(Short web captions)

____

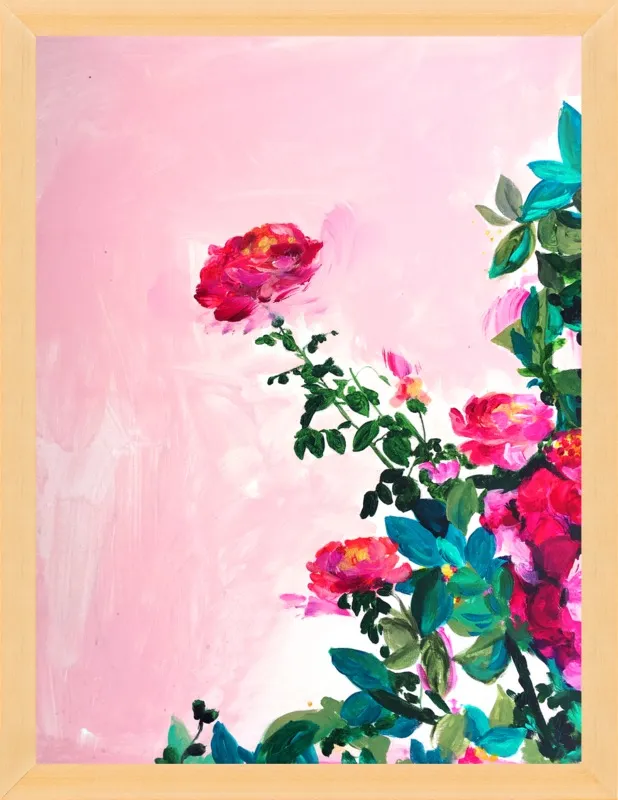 Rose Garden I by Christine Lindstrom for Artfully Walls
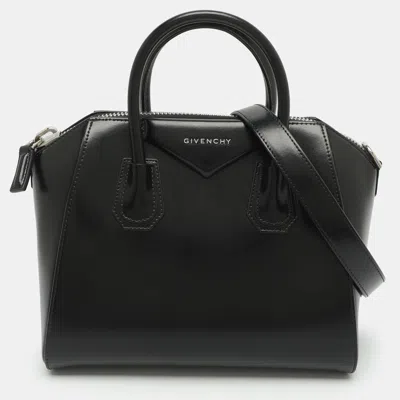 Pre-owned Givenchy Antigona Small Black Leather Satchel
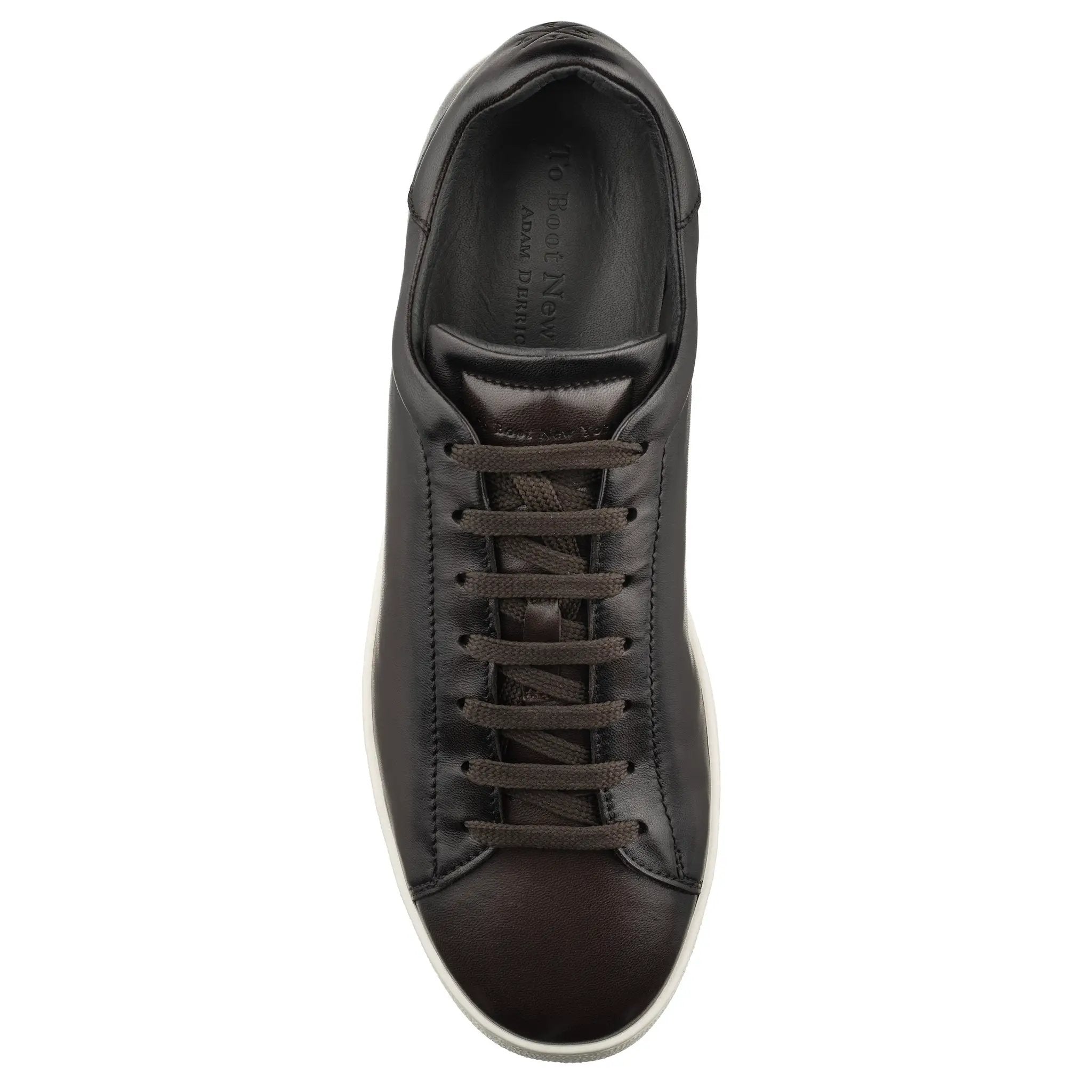Randolph Coffee Bean Nappa Soft Calf Leather Sneaker by To Boot New York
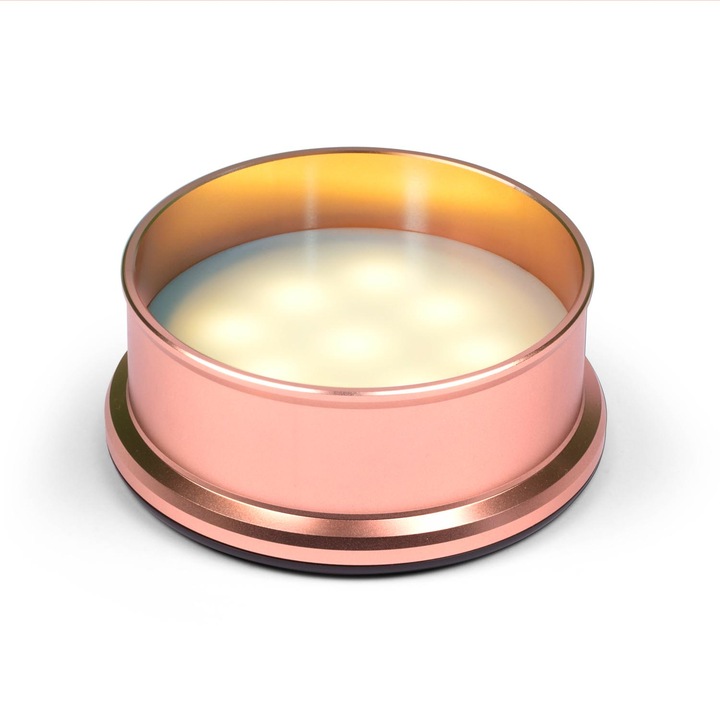 Világító pohártartó, hüvelykujj felfelé, Réz, 230g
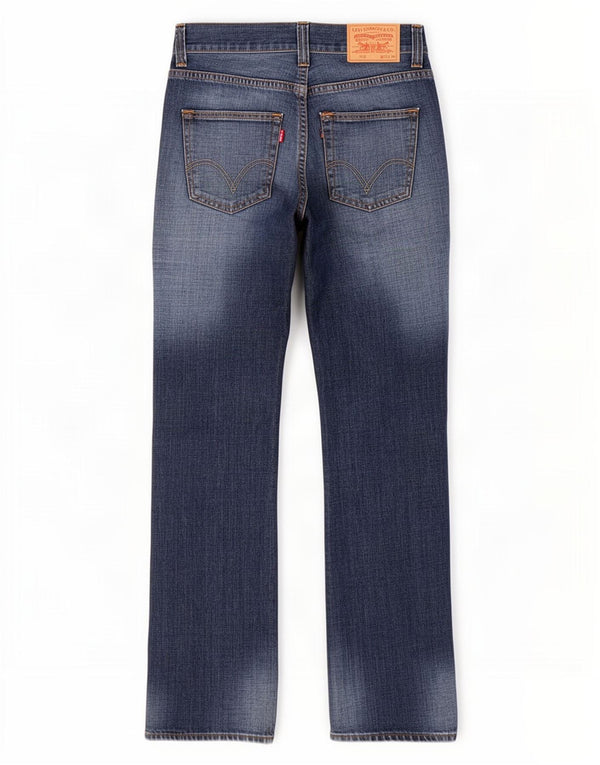 Levi's Mens 506 Acid Wash Standard Fit Straight Jeans W30 L34 Blue Cotton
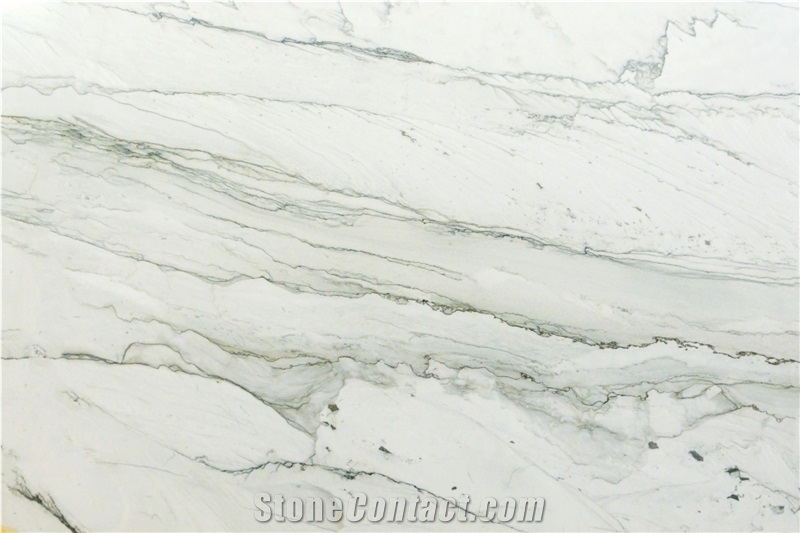Infinity White - White Macaubas, Super White Quartzite Quarry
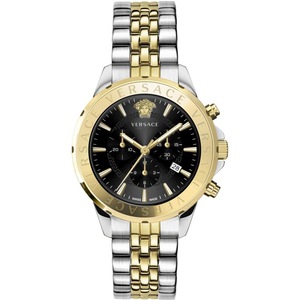 Versace Chronograph VEV602223 Black Dial Gold Stainless Steel Unisex Watch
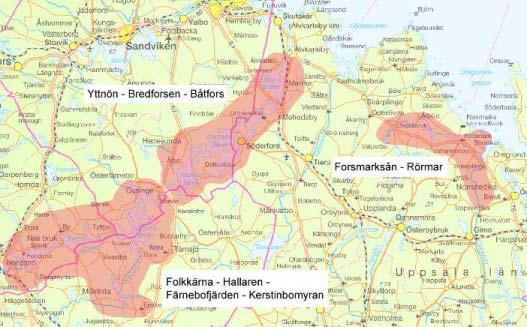 12.3 Åtgärdsbehov i nedre Dalälvsområdet år 2005 2008: Vid behov kan nedre Dalälvsområdet delas upp i två separata administrativa regioner med varsin samordningsgrupp.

____

● **What the exercise asks**
What is needed is an exact transcription of the lines from the one containing "Világító pohártartó, hüvelykujj" through the last line of the records above, both included, with no pictures.

● **Finished task**
 Világító pohártartó, hüvelykujj felfelé, Réz, 230g
 Levi's Mens 506 Acid Wash Standard Fit Straight Jeans W30 L34 Blue Cotton
Infinity White - White Macaubas, Super White Quartzite Quarry
 Versace Chronograph VEV602223 Black Dial Gold Stainless Steel Unisex Watch
 12.3 Åtgärdsbehov i nedre Dalälvsområdet år 2005 2008: Vid behov kan nedre Dalälvsområdet delas upp i två separata administrativa regioner med varsin samordningsgrupp.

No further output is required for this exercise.